HeatMap Annotator – Visualizing Activity with Heatmaps
This code creates a HeatMap Annotator, which draws a heatmap overlay on an image based on object detections.
A heatmap shows where objects appear most often in a scene.
The more frequently an object appears in a location, the hotter (more intense) that area becomes.
This helps visualize activity patterns over time.
What is a Heatmap?
A heatmap is a visual representation of activity or intensity using colors.
Typical heatmap colors:
- 🔴 Red → High activity
- 🟡 Yellow → Medium activity
- 🔵 Blue → Low activity
Example:
Low activity High activity
🔵 → 🟡 → 🔴
If many detections happen in the same area, that area becomes redder and brighter.
Purpose of This Code
This code is used to:
- Track where objects appear in a scene
- Accumulate those locations over time
- Create a heatmap showing the most active areas
- Overlay that heatmap on the original image
This is useful for analyzing movement patterns.
Libraries Used
The code uses the following libraries:
- NumPy → handles numerical data
- OpenCV (cv2) → image processing and drawing
- swatahVision modules → detections and annotation utilities
Main Class
The main class created in this file is:
HeatMapAnnotator
This class is responsible for creating and updating a heatmap on images.
Configurable Settings
When creating a HeatMapAnnotator, several parameters can be adjusted.
1. Position
position = Position.BOTTOM_CENTER
This determines where the heat point is placed on each detected object.
Examples:
- center of object
- bottom center
- top center
2. Opacity
opacity = 0.2
Controls how transparent the heatmap overlay is.
Range:
0 → invisible
1 → fully visible
3. Radius
radius = 40
This defines the size of the heat circle drawn for each detection.
Larger radius = larger heat spots.
4. Kernel Size
kernel_size = 25
This controls how much the heatmap is blurred.
Blurring helps create a smooth heatmap instead of sharp circles.
5. Heatmap Colors
Two values control the heatmap color range:
top_hue = 0
low_hue = 125
These represent color values in HSV color format.
Typical mapping:
Red → High activity
Blue → Low activity
Main Function: annotate()
The main function used to draw the heatmap is:
annotate()
This function takes:
1. Scene
scene
The image where the heatmap will be drawn.
It must be an image in NumPy format.
2. Detections
detections
This contains the detected objects in the image.
Each detection provides the location of an object.
How the Heatmap Works
The heatmap is built step-by-step.
Step 1 – Create Heat Mask
The code creates a heat mask, which stores activity levels for each pixel.
Initially it contains zeros.
self.heat_mask = np.zeros(...)
Step 2 – Mark Detection Points
For each detected object:
- a circle is drawn
- the circle represents activity
Example:
cv2.circle()
Each detection adds heat to that location.
Step 3 – Accumulate Heat Over Time
The heatmap is not reset each frame.
Instead, it keeps adding new detections:
self.heat_mask = mask + self.heat_mask
This allows the heatmap to show long-term activity patterns.
Step 4 – Convert Heat to Colors
The heat values are converted into colors using the HSV color system.
This produces colors like:
Blue → Low activity
Yellow → Medium activity
Red → High activity
Step 5 – Smooth the Heatmap
The heatmap is blurred using:
cv2.blur()
This creates smooth gradients between hot areas.
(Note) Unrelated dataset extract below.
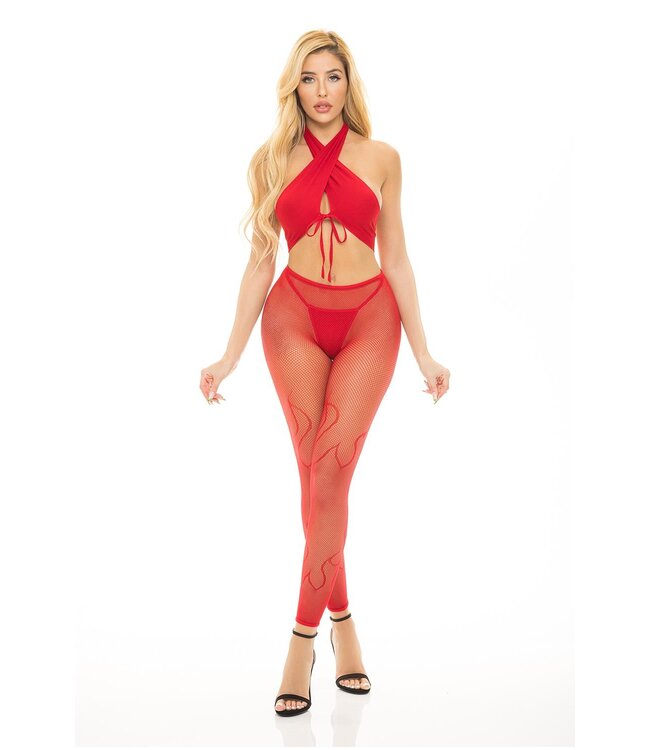 Pink Lipstick Lingerie GIVES YOU HELL 3PC SET RED, OS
Step 6 – Overlay Heatmap on Image
Finally, the heatmap is blended with the original image using:
cv2.addWeighted()
This creates a semi-transparent overlay.
Example Usage
Example usage in a video processing pipeline:
import swatahVision as sv
heat_map_annotator = sv.HeatMapAnnotator()
detections = ...
annotated_frame = heat_map_annotator.annotate(
scene=image.copy(),
detections=detections
)
This will produce an image with a heatmap overlay showing activity locations.
Workflow
The full workflow looks like this:
Input Frame
↓
Object Detection Model
↓
Detections (object positions)
↓
HeatMapAnnotator accumulates heat
↓
Heatmap overlay on image
Why Heatmaps Are Useful
Heatmaps help analyze behavior and movement patterns.
Common applications include:
- retail store analytics
- crowd movement analysis
- sports tracking
- traffic monitoring
- security surveillance
They show where activity happens most frequently.
Summary
This code creates a heatmap visualization tool that:
- tracks object locations
- accumulates activity over time
- converts activity into color intensity
- overlays the heatmap on the original image
It is commonly used in computer vision analytics systems.